Friend of a No Voter

I am neither an employee an AA and have never been a union member so please excuse my ignorance on some of these matters, but I am a bit confused about this whole process.

As any contract has to be approved by the rank and file, I do not understand how the negotiation protocol could limit negations to only items that were most recently on the table. While agreement was reached with the negotiating committee and the board on all items, it must be approved by the members to take effect. So with a no vote, which rejects the agreement in totality, there is no way of knowing exactly what items are unacceptable to the membership. I just do not see any way to know what to limit further negotiations to.

If in fact the Negotiation Protocol does somehow limit negotiations and takes some items off the table, should that not have been approved by the members just as the overall contract needed to be since it will in fact will be determining much of the contract?

My reading of the Negotiation Protocol clearly allows for further mediation before binding arbitration. (Paragraph A5) The APFA leadership seems to say that arbitration must be next step. It may well be the fact that arbitration ultimately will determine the contract, but it seems to me that AA management, who wants a combined AA US contract would have incentive to go the mediation route.

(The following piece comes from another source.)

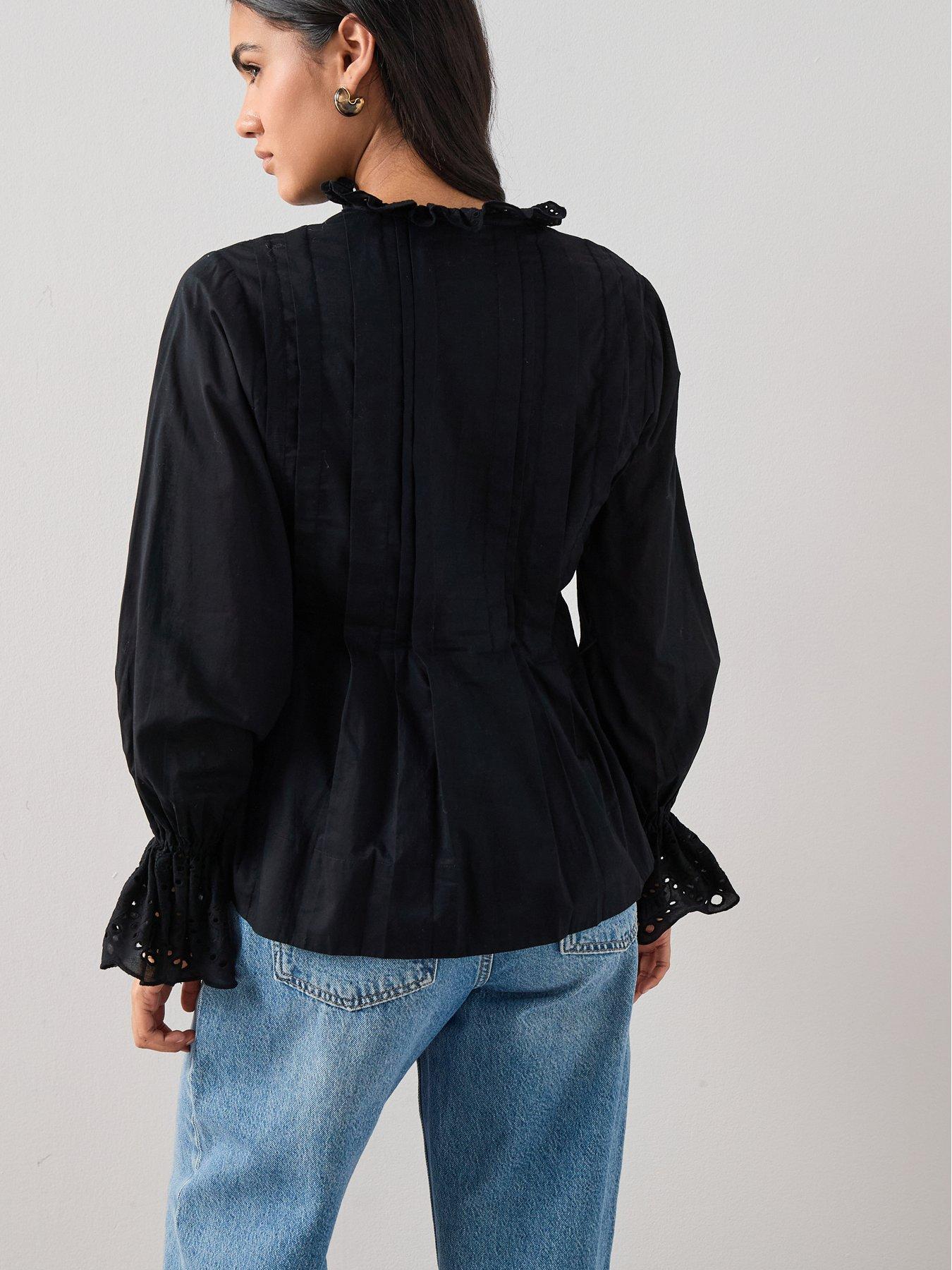 the-very-collection-broderie-pleated-blouse-blackstillFront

Downplaying the mediation step before arbitration leaves an element of doubt in the truthfulness of communication of union leadership just as when they said that the 40 hour minimum per month was not a negotiable item to only have it taken off the table.

Furthermore, by not detailing exactly where the extra money that the tentative agreement gives above market rates by allowing the claim of confidential information does make it difficult for an informed decision to be made by membership.

When the deal was first negotiated union leadership were patting themselves on the back feeling they had set an industry leading agreement that everyone should be proud of. The only problem, is that despite the self-congratulation, Delta got a better deal (with profit share) within weeks necessitating the APFA to go back and improve a deal that they incorrectly tough was the best deal possible.

The airline industry is a tough one with book and bust periods. In tough times management had to ask for give back from employees to help the company. Sadly, that will no doubt happen again in the next downturn. It seems harsh not to share the good times as well to help offset the sacrifices made in the bad times.

If the Negotiation Protocol gives AA the power to achieve a better deal for itself, why would they even agree to the terms of the tentative agreement knowing they could just stonewall and go to arbitration. The first deal agreed which the union went back to improve after the Delta deal was in fact a below market deal which AA quickly improved. Likewise, the 40 hour minimum was removed. That clearly shows incentive on AA's part to reach agreement before arbitration. Why, if arbitration will give a better deal to AA than the Union.